SPINacc

A spinup acceleration tool for land surface model (LSM) family of ORCHIDEE.

Concept: The proposed machine-learning (ML)-enabled spin-up acceleration procedure (MLA) predicts the steady-state of any land pixel of the full model domain after training on a representative subset of pixels. As the computational efficiency of the current generation of LSMs scales linearly with the number of pixels and years simulated, MLA reduces the computation time quasi-linearly with the number of pixels predicted by ML.

Documentation of aims, concepts, workflows are described in Sun et al (2022).

main.py - The main python module that steers the execution of SPINacc.
DEF_*/ - Directories with configuration files for each of the supported ORCHIDEE versions.
- config.py - Settings to configure the machine learning performance.
- varlist.json - Configure paths to ORCHIDEE forcing output and climate data.
- varlist-explained.md - Documentation of data sources used in SPINacc.
Tools/* - Modules called by main.py
AuxilaryTools/SteadyState_checker.py - Tool to assess the state of equilibration in ORCHIDEE simulations.
tests/ - Reproducibility and regression tests
ORCHIDEE_cecill.txt - ORCHIDEE's license file
job - Job file for a bash environment
job_tcsh - Job file for a tcsh environment

Usage

Running SPINacc

Here are the steps to launch SPINacc end-to-end, including the optional tests.

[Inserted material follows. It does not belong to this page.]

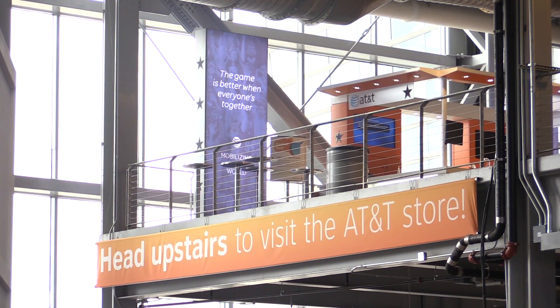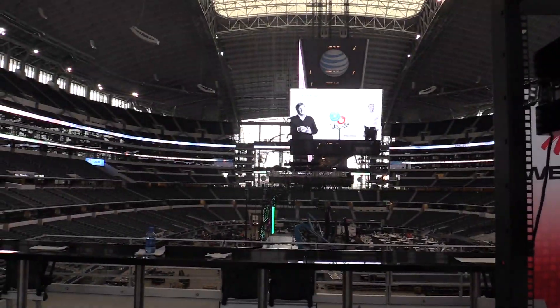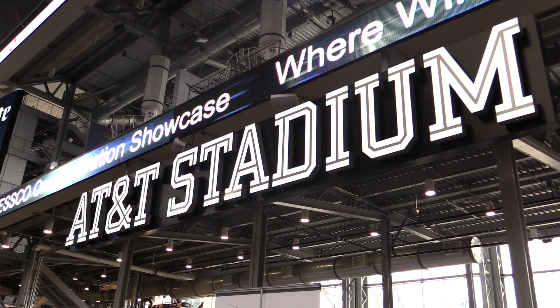Sean, tell me about that installation. Well, when the Cowboys came to us back in 2007, they wanted the largest, most innovative DAS in large venues in the United States, which we did. Since 2007, we've implemented probably five separate upgrades, finishing our last upgrade right before the college football national championship. During that game, we had over eight terabytes of data processed through the system, which is two and a half times more data than the Super Bowl in 2014.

SPINacc has been tested and developed using Python==3.9.*.

Installation

Navigate to the location in which you wish to install and clone the repo as so:
```
git clone [email protected]:CALIPSO-project/SPINacc.git
```

Create a virtual environment and activate:

python3 -m venv ./venv3
source ./venv3/bin/activate

Build all relevant dependencies:

cd SPINacc
pip install -r requirements.txt

Get data from Zenodo

These instructions are applicable regardless of the system you work on, however if you already have access to datasets on the Obelix supercomputer it is likely that SPINacc will run with minimal modification (see Running on Obelix if you believe this is the case). We provide a ZENODO repository that contains forcing data here as well as reference output for reproducibility testing.

It includes:

ORCHIDEE_forcing_data - Explained in DEF_Trunk/varlist-explained.md
reference data - necessary to run the reproducibility checks (Now OUTDATED see Reproducibility tests).

The setup-data.sh script has been provided to automate the download of the associated ZENODO repository and set paths to the forcing data and climate data in DEF_Trunk/varlist.json. The ZENODO repository does not include climate data files (variable name twodeg, without this, initialisation will fail and SPINacc will be unable to proceed). The climate data will be made available upon request to Daniel Goll (https://www.lsce.ipsl.fr/en/pisp/daniel-goll/).

To ensure the script works without error, set the MYTWODEG and MYFORCING paths appropriately. The MYFORCING path points to where you want the forcing data to be extracted to. The default location is ORCHIDEE_forcing_data in the project root.

The script runs the sed command to replace all occurences of /home/surface5/vbastri/ with the downloaded and extracted ORCHIDEE_forcing_data in /your/path/to/forcing/vlad_files/vlad_files/ in DEF_Trunk/varlist.json. This can be done manually if desired.

Running SPINacc

These instructions are designed to get up and running with SPINacc quickly and then run the accompanying tests. See the section below on Obtaining 'best' performance for a more detailed overview of how to optimally adjust ML performance.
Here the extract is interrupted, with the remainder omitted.